Revise UNTS corpus to match 7cultGEN (7GCA) #28

benjamingmartin · 2020-06-02T11:31:51Z

Create new corpus, to be called "LTS+UNTS GCAs, 1935-1972". This includes the English-language texts of all general cultural agreements (GCAs) deposited with the League of Nations or the United Nations between 1935 and 1972.
These are the texts marked with "yes" in the WTI version edited for 7CULTGEN (14 May 2020).

All texts are in google drive folder "Treaty texts (.txt) (finished)."
Note: I have updated which texts we have in "Treaties Master List" and in "Treaties Master List (edited for 7CULTGEN)", but not in the new "triple" file.

aibakeneko · 2020-06-03T13:13:53Z

Created new corpus from files in folder Treaty texts (.txt) (finished). One treaty is missing: 10707.

@benjamingmartin: Is this 110707_en_corr.txt in folder treaty_text_sub_corpora_en_201908_region_1st_world? Should it be added?

Filename of new corpus is treaty_text_corpora_en_20200603_LTS+UNTS_GCAs_1935-1972_(missing_10707).zip

benjamingmartin · 2020-06-04T10:07:53Z

I checked this: 10707 was an incorrect entry. I have corrected it, and it is not part of 7CULTGEN (or any of the CULT listings) anymore! So I think we can rename the new corpus and remove "missing 10707"...! Thanks!

aibakeneko · 2020-06-09T10:39:15Z

Corpus has been renamed to treaty_text_corpora_en_20200603_LTS+UNTS_GCAs_1935-1972.zip

benjamingmartin · 2020-07-01T13:49:14Z

I just used jupyer tool 3_word_in_doc_frequencies, and after selecting CultGEN and the new corpus (the one marked ...20200701_GEN...) it says (in the pink progress report) that it has added 472 documents.
In fact, there should be 458 texts in the LTS+UNTS corpus. I have figured out that it must be including the 14 extra documents that we have, and that are in English, marked "en" in column E of Treaties Master List (triple), but that are NOT from LTS or UNTS.
The process of selecting texts for inclusion in the corpus cannot use Column E, is the point.
So, I guess we can either: (a) fix the selection procedure so that it takes texts that have LTS, UNTS, or UNXX in column H ("source"); or, (b) I can just manually remove these fourteen texts from a zip folder that will then be stable.
Let me know; and sorry for the trouble!

roger-mahler · 2020-07-01T13:51:21Z

We double checked the Corpus yesterday and found 24 missing treaties in the previously generated corpus. @aibakeneko is generating new files. We will generated three distinct corpus to avoid confusion, and easier checking.

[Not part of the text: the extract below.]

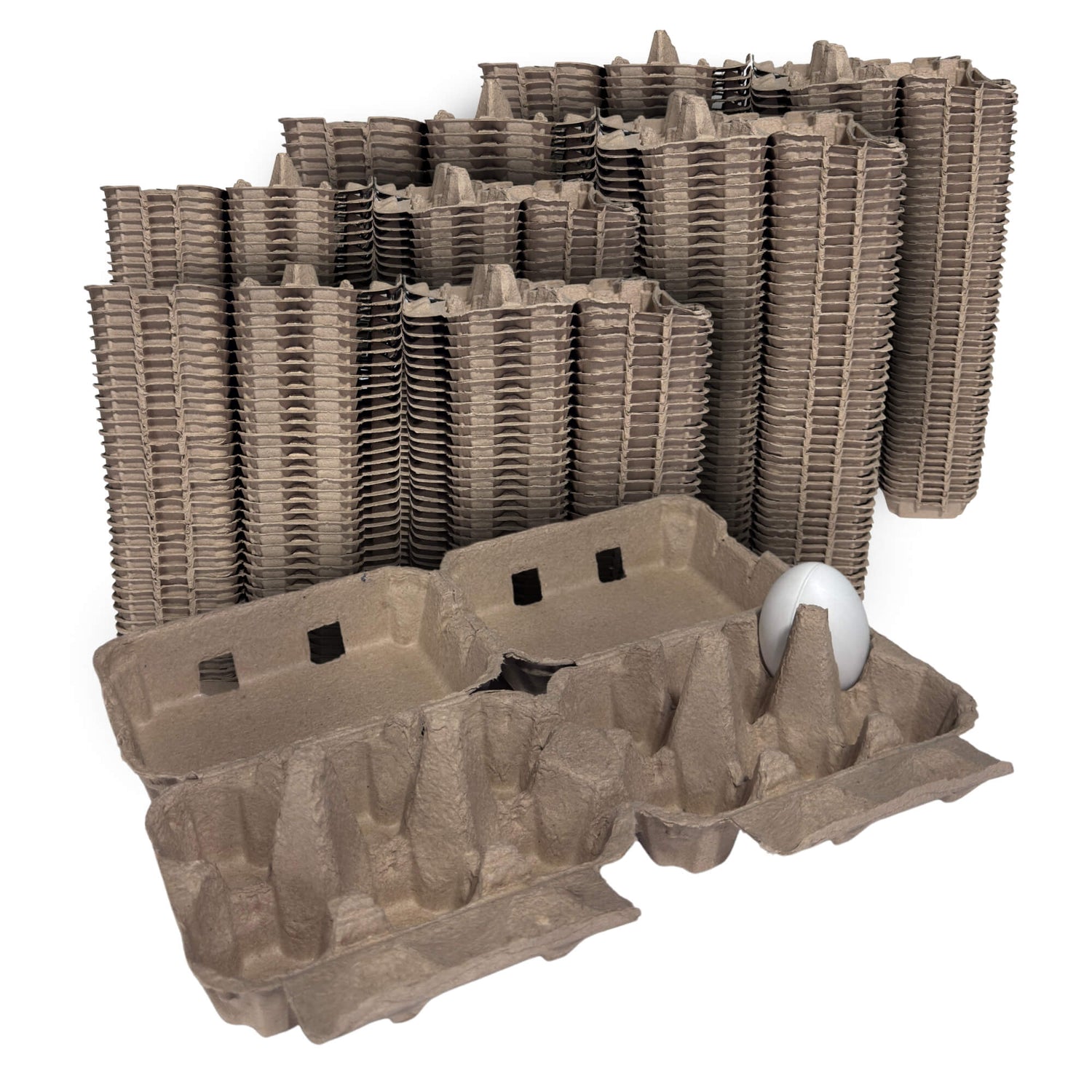 Stack of brown cardboard egg crates with a single white egg on a white background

benjamingmartin · 2020-07-01T14:01:12Z

OK, thanks! But actually, there is no need for multiple (English-language) corpora. I only need one in English and one in French:

LTS+UNTS, 1935-1972, which anyway only includes texts that I have marked as General Cultural Agreements (that is, they have "yes" in CULTGEN)
France's cultural agreements, 1919-1972 (which we haven't talked about for a long time, but which I want to come back to sometime)

The real reason that 7CULT+ is an important category is for use in doing quantitative WTI work, not for text analysis.

roger-mahler · 2020-07-01T15:59:36Z

Update 20200702:

I have done a review on the notebooks, and associated code, that are either prioritized or are used in 2020 article notebook (under 4_publications). The discrepancy in number of treaties was caused by the fact that the WTI treaty source column hasn't previously been regarded as a filter. Instead I assumed that all treaties with the "is_cultural_yesno" attribute set to "yes" are relevant candidate treaties from which further subsets are created (e.g. based on time, topic, parties). This must be an misunderstanding from my part.

I have added a treaty_sources filter to all functions used in prioritized notebook or article notebook.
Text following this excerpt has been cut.